**Your instructions**
Skip all lines in the entries below that come before the one containing "Foto resep Lontong presto". Repeat that line and the rest exactly.

Source material below:

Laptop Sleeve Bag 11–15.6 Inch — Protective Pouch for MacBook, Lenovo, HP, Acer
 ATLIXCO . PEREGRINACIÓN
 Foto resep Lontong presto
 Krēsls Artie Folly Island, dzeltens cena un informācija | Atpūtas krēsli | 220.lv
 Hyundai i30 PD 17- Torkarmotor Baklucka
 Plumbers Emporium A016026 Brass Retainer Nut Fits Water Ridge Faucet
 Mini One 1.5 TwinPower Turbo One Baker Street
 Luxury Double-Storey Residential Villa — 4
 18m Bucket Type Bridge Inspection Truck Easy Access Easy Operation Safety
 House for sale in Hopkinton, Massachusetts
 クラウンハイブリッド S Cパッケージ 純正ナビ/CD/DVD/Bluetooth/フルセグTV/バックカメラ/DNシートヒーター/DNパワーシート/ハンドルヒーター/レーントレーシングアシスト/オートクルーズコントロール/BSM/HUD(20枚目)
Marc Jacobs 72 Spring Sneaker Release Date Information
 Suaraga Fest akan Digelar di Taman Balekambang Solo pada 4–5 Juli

End of Source material.

**Exercise response**
 Foto resep Lontong presto
 Krēsls Artie Folly Island, dzeltens cena un informācija | Atpūtas krēsli | 220.lv
 Hyundai i30 PD 17- Torkarmotor Baklucka
 Plumbers Emporium A016026 Brass Retainer Nut Fits Water Ridge Faucet
 Mini One 1.5 TwinPower Turbo One Baker Street
 Luxury Double-Storey Residential Villa — 4
 18m Bucket Type Bridge Inspection Truck Easy Access Easy Operation Safety
 House for sale in Hopkinton, Massachusetts
 クラウンハイブリッド S Cパッケージ 純正ナビ/CD/DVD/Bluetooth/フルセグTV/バックカメラ/DNシートヒーター/DNパワーシート/ハンドルヒーター/レーントレーシングアシスト/オートクルーズコントロール/BSM/HUD(20枚目)
Marc Jacobs 72 Spring Sneaker Release Date Information
 Suaraga Fest akan Digelar di Taman Balekambang Solo pada 4–5 Juli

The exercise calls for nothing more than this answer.